年明けから海外IR事業者の売り込みが一気に活発化してきた印象だが、同時にギャンブル依存症対策を着実に行うことも必要だ。
政府は、カジノ事業に関する広告は、空港や港の国際便の発着ターミナル周辺に限定して認める方針を固め、3月までに策定する政令に盛り込むことを決めた。ギャンブル依存症対策のため、IR施設の外では原則として広告は禁止するが、外国人旅行者の誘客目的に限り認める。日本経済新聞が報じた。
昨年7月にIR実施法が成立する以前から、政府のIR推進会議では「世界最高水準の規制」を確立するため、カジノの弊害防止対策を議論してきた。今回の決定は、推進会議の「取りまとめ」に沿ったもの。

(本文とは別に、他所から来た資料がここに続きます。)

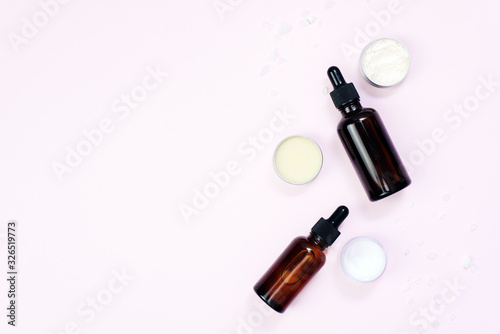 Glass bottles with moisturizing serum, jars of cream and balm on a pink pastel background. Homemade skin care. Copyspace, template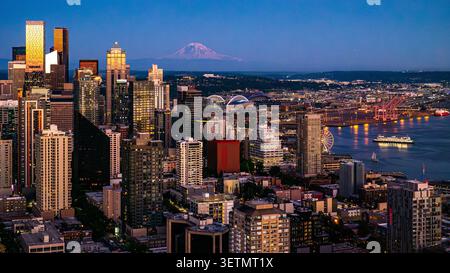 Luftaufnahme von Seattle, Washington, Skyline in der Abenddämmerung, mit Wolkenkratzern in der Innenstadt und Mount Rainier am Abend Stockfoto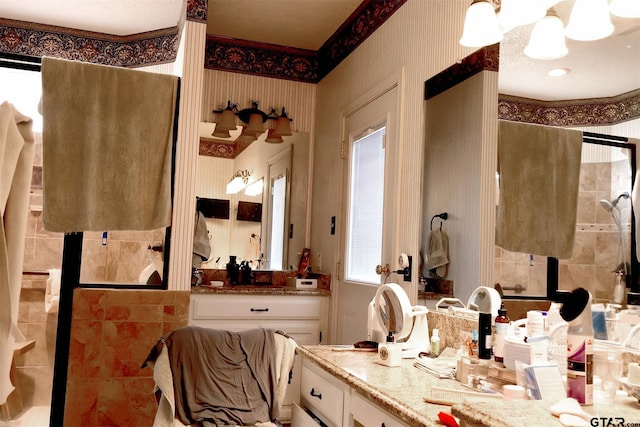 bathroom with a shower with door and vanity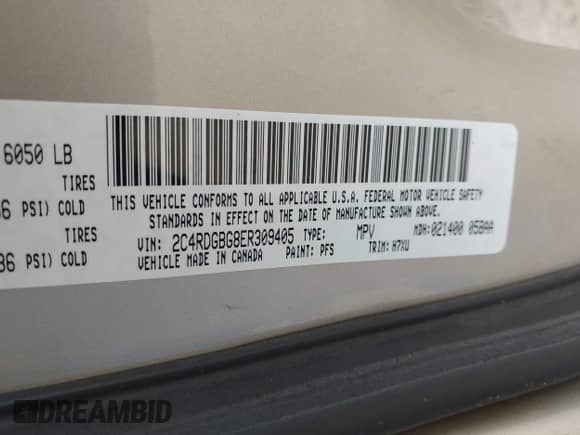 2014 Dodge Grand Caravan SE with VIN 2C4RDGBG8ER309405, listed as a IAAI auction lot 43276389 with 242,036 mi miles and . Bid and sale history available at DreamBid. Image 9.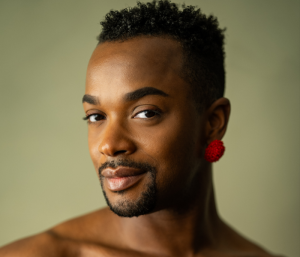 A close-up of J. Harrison Ghee with a red earring and a slight smile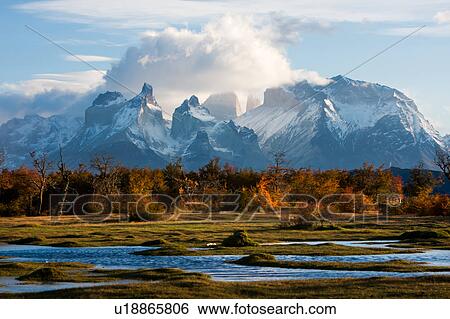 Stock Photograph - Sunrise view of snow covered Los Cuernos, and Towers, Torres del Paine, with dramatic clouds, beech trees in full autumn colours, River Serrano in foreground, Southern Chile, Patagonia. Fotosearch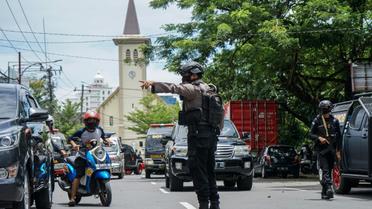 Un policier indonésien régule la circulation après un attentat suicide visant une église, à Makassar, en Indonésie, le 28 mars 2021 [DAENG MANSUR / AFP]
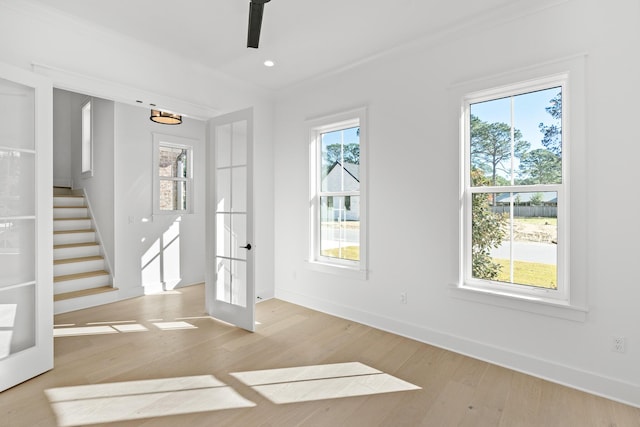 interior space with crown molding, french doors, and light hardwood / wood-style floors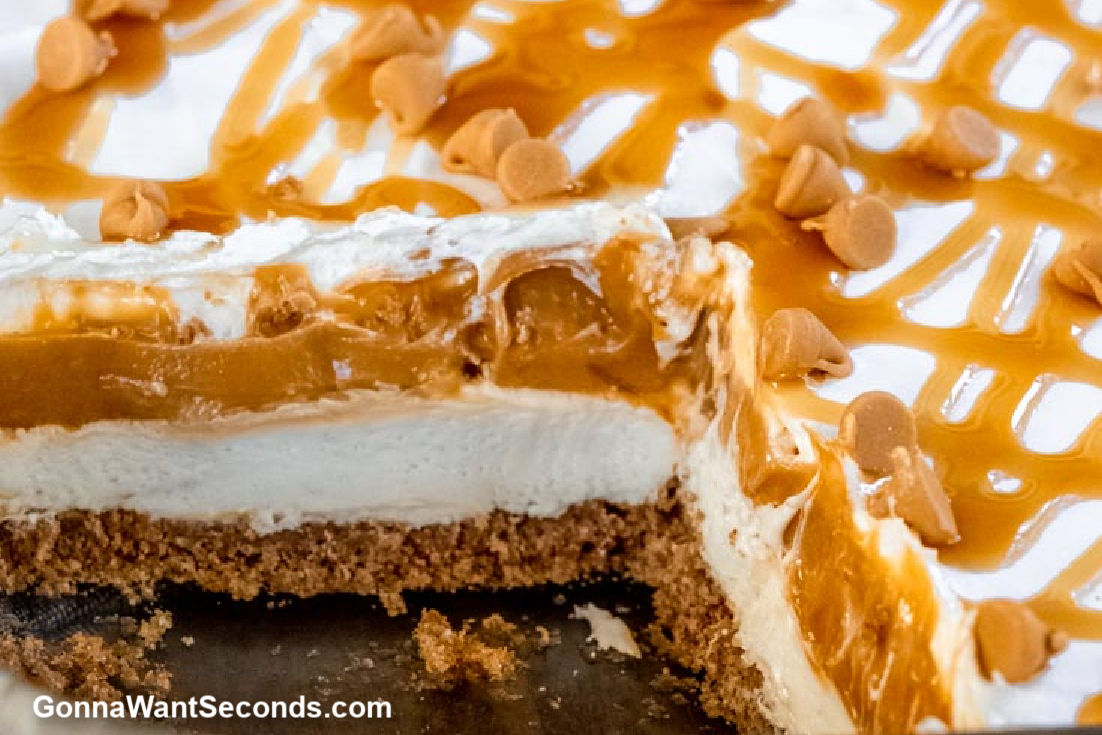 A whole butterscotch yum yum recipe , slice taken out showing the layers inside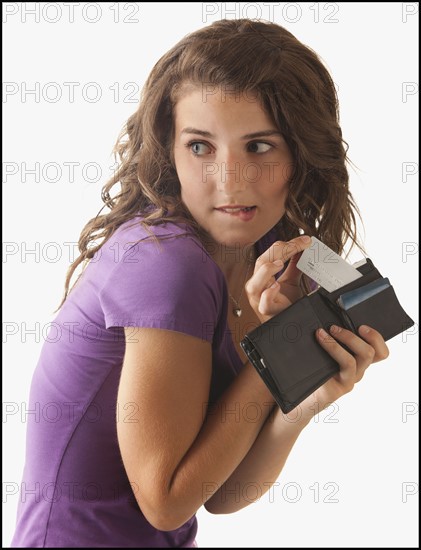 Young woman removing banknote from wallet. Photo : Mike Kemp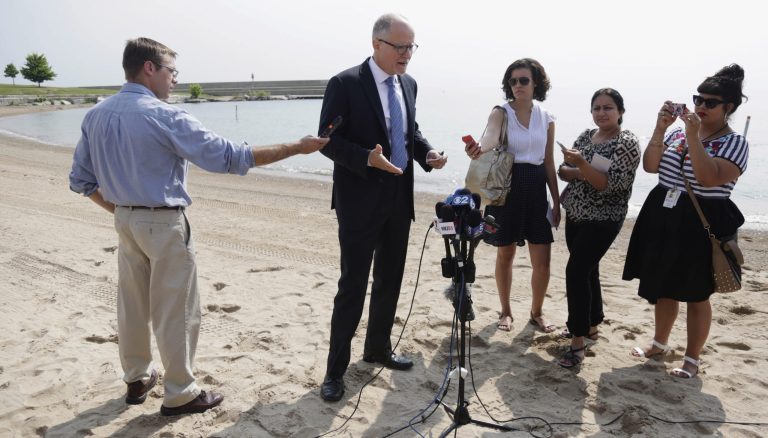 In this Aug. 4, 2014 photo, Paul Vallas, the Democratic candidate for Illinois lieutenant governor, speaks at a news conference on the shore of Lake Michigan in Chicago. The candidates for Illinois lieutenant governor don't just differ on policy issues, the Democratic former school executive and Republican councilwoman are playing starkly contrasting roles on the campaign trail. Gov. Pat Quinn's pick Vallas recently has taken to Chicago events to criticize Republican Bruce Rauner's ideas and business record. while, Rauner's running mate Evelyn Sanguinetti, tends to appear alongside the businessman, emphasizing her life story as the child of immigrants. (AP Photo/M. Spencer Green)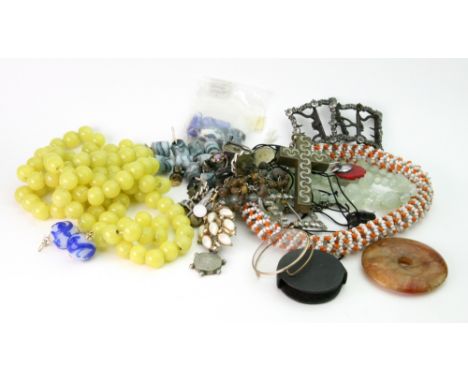 A Chinese pale green 'jade style' glass bead necklace of varying size beads, the larger beads with 'carved' swirls, ring term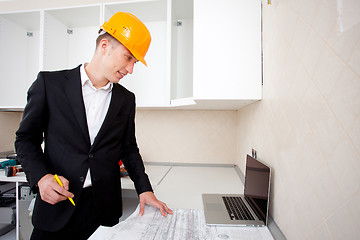 Image showing civil engineer working with documents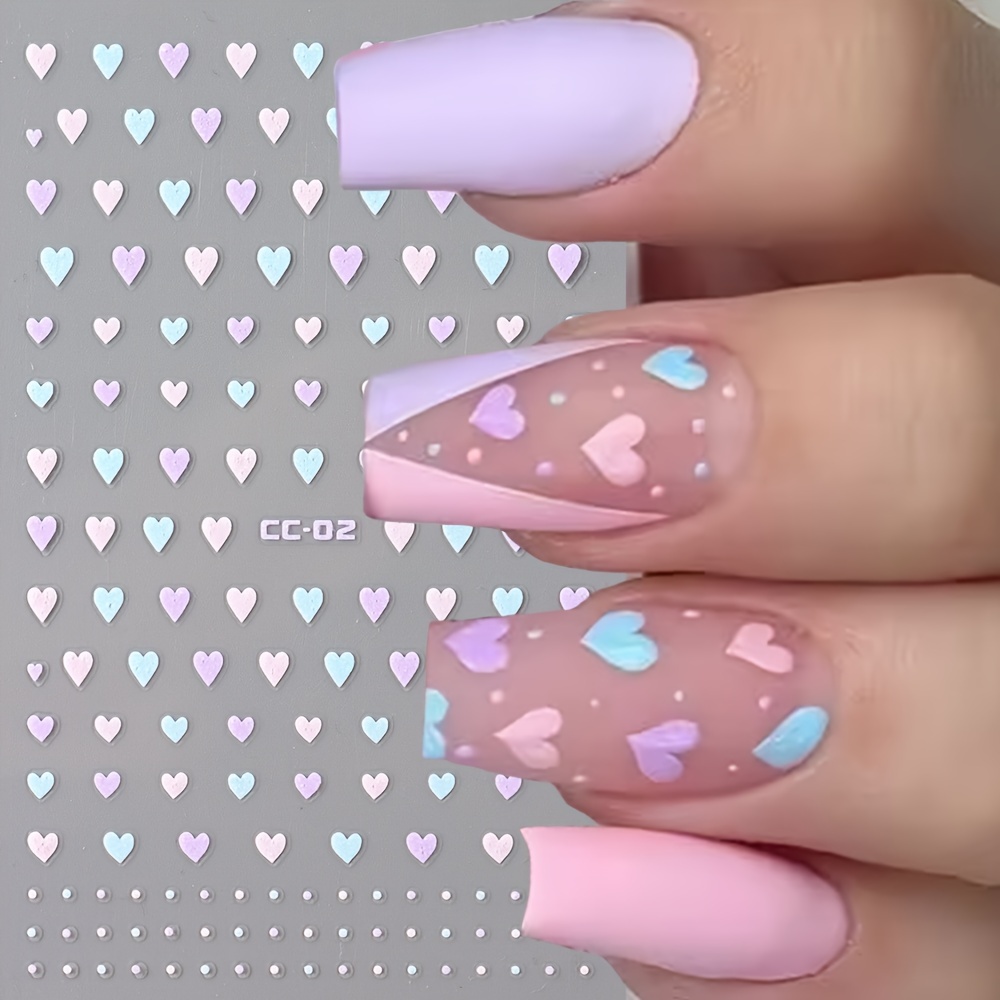 

Lot de 6 autocollants à ongles polyvalents : floraux, cœurs et étoiles dans des couleurs pastel avec pailletée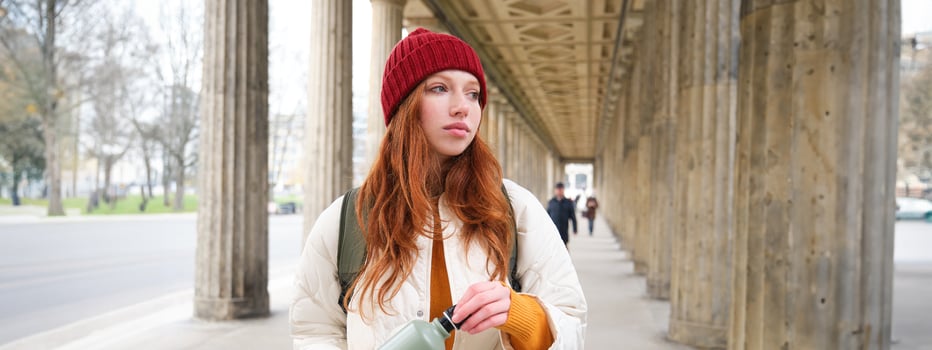 Young redhead girl holds thermos in hands, pours herself a hot drink while walking in city. Tourist takes break, opens flask for refreshment beverage photo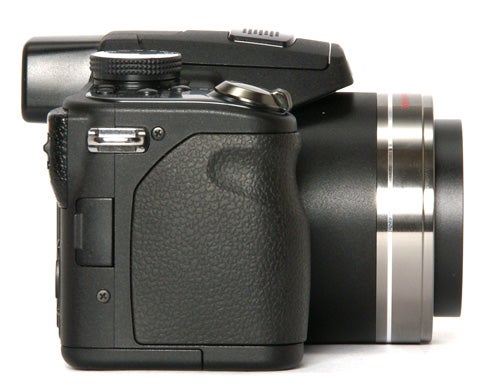 Close-up of a digital camera on a white background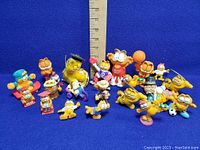 Photo shows 18 vintage Garfield vinyl figures, various costumes and activities, arranged in group against blue cloth background with measuring ruler behind.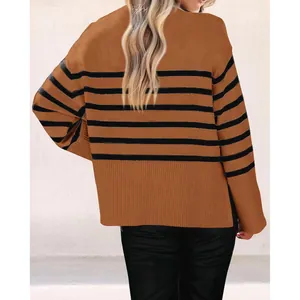 Back view of brown and black striped oversized knit sweater with wide sleeves.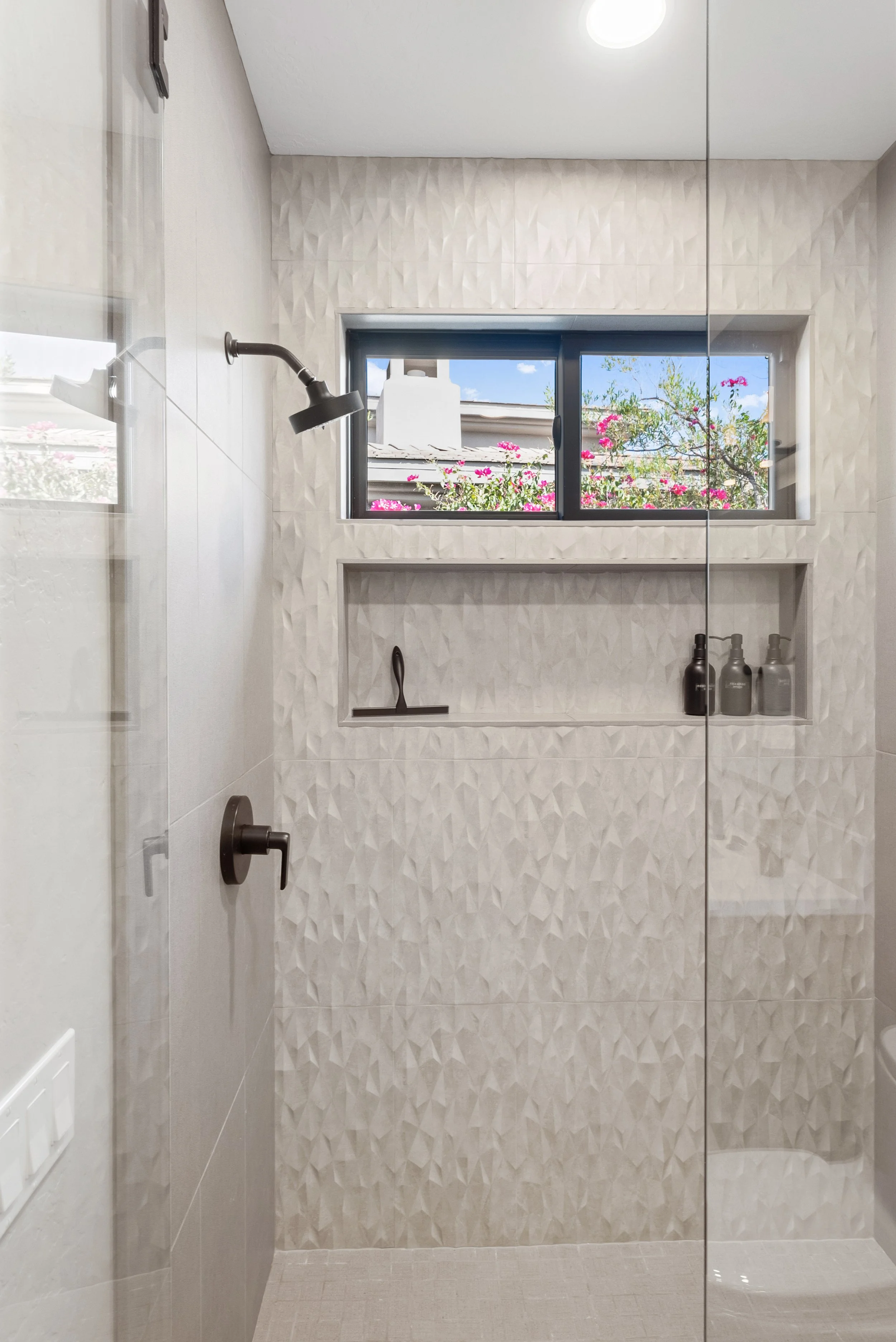 A modern shower with beige textured wall tiles, a black shower head, and a rectangular niche holding toiletries. There is a window outside with a view of pink flowers and blue sky.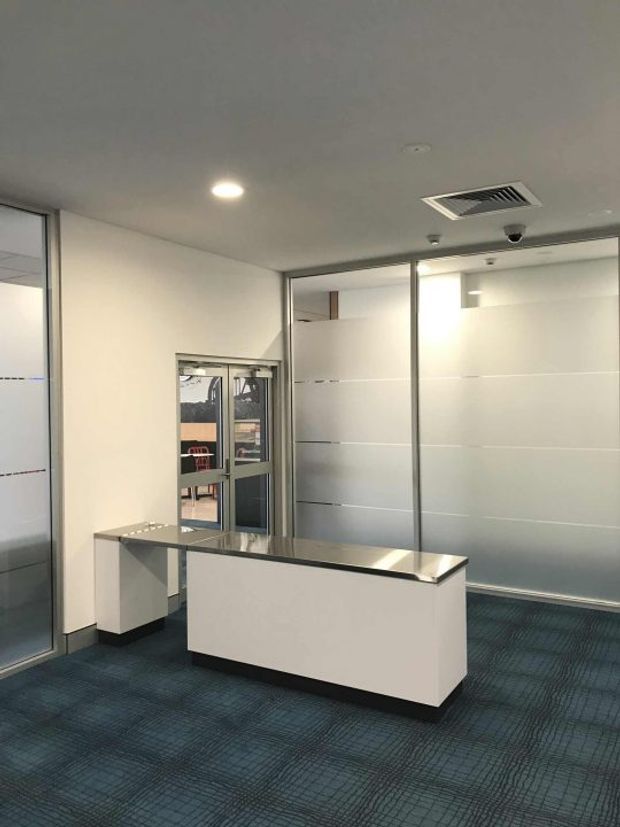 A clean, modern commercial reception area with a white rectangular reception desk featuring a dark stone or solid-surface countertop and black plinth. The space has frosted glass partition walls and doors with horizontal clear bands, white walls and ceiling, recessed lighting, exposed HVAC grilles, security fixtures, and dark blue patterned carpet. The room appears minimal and functional, likely an office lobby or workplace entry.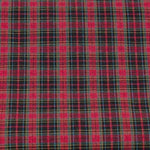 Red and black tartan plaid woven fabric with yellow and blue accent lines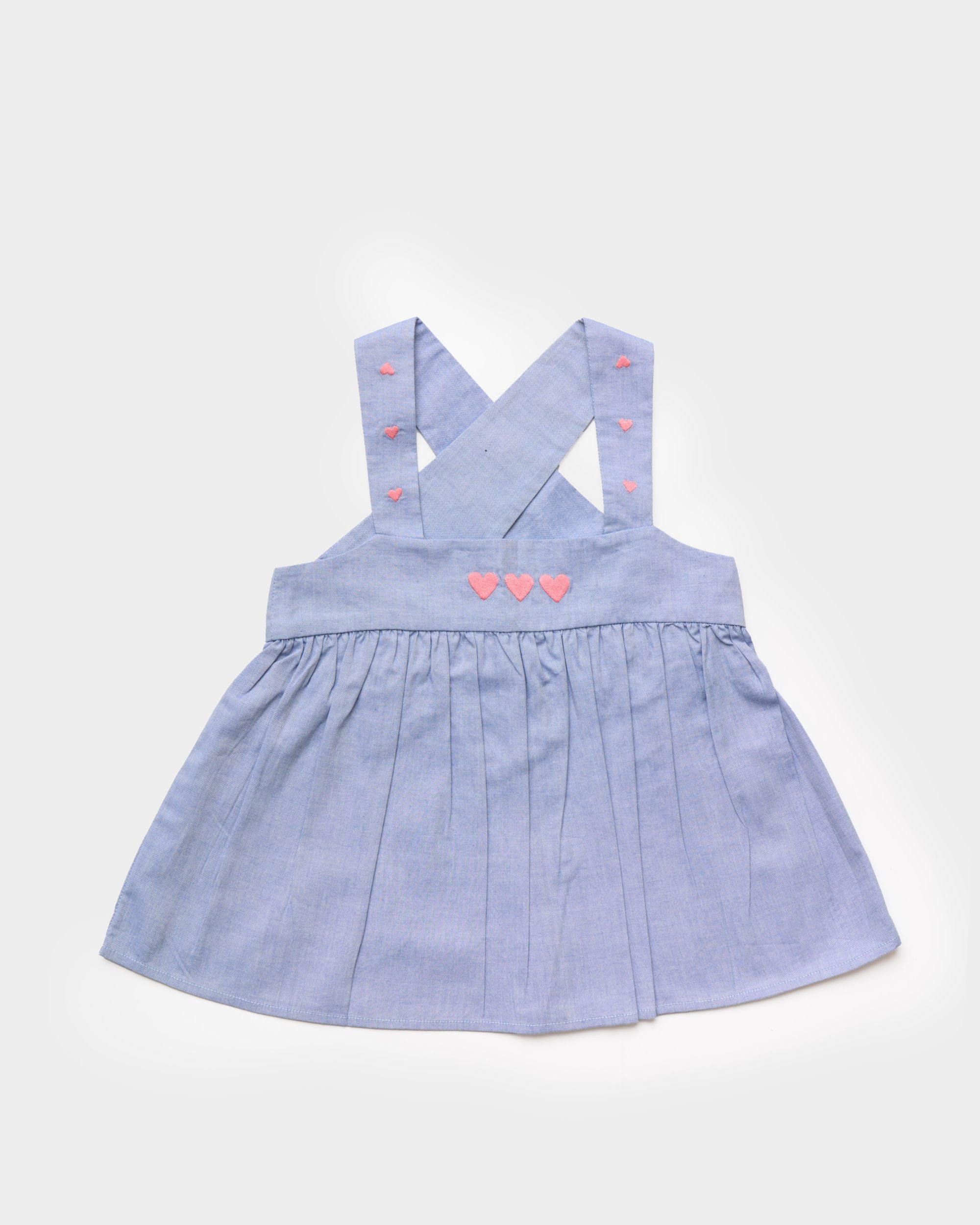 Early Sunday, Romy Blouse in Summer Sky color, made from  100% Cotton Chambray fabric, featuring a sleeveless design with cross-back straps, a gathered waist & a beautiful embroidery, shown in a front flat-lay view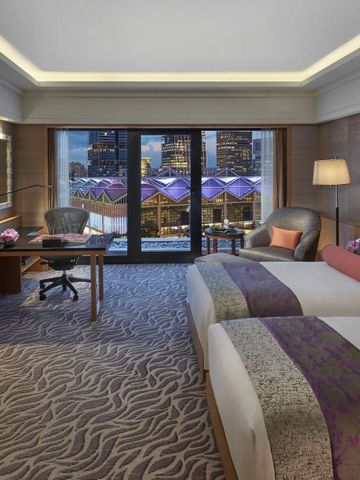 Geräumiges Hotelzimmer mit zwei Einzelbetten und Blick auf die Stadt bei Nacht
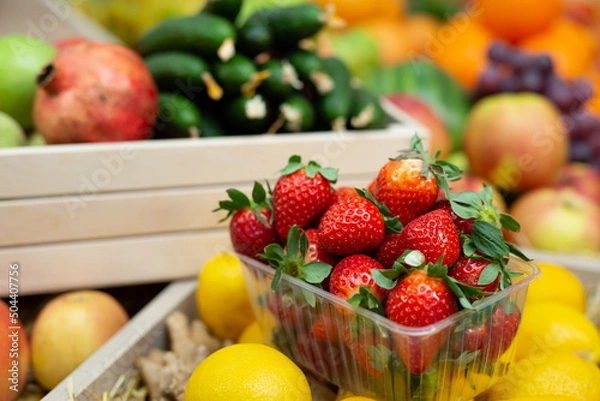 Fototapeta Tray of strawberries on the counter of a vegetable store among vegetables and fruits.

カジノ事業に関する広告や勧誘を制限することで、ギャンブルへの依存を防止し、また青少年の健全育成につなげるという考え方に基づく制度設計。しかも、IRは国内外から子供を含めた多くの者が訪れる施設であり、良好な環境を守るために広告・勧誘を制限する必要があることは意見が固まっている。
国際線が発着する空港や港のうち、国際線の利用客が使う入国審査区域や税関などでの広告は認められる。日本人のギャンブル依存症を懸念する声を考慮して、日本人の目にとまりやすい外国人向け観光案内所や鉄道・バスの乗降所は対象外とされる。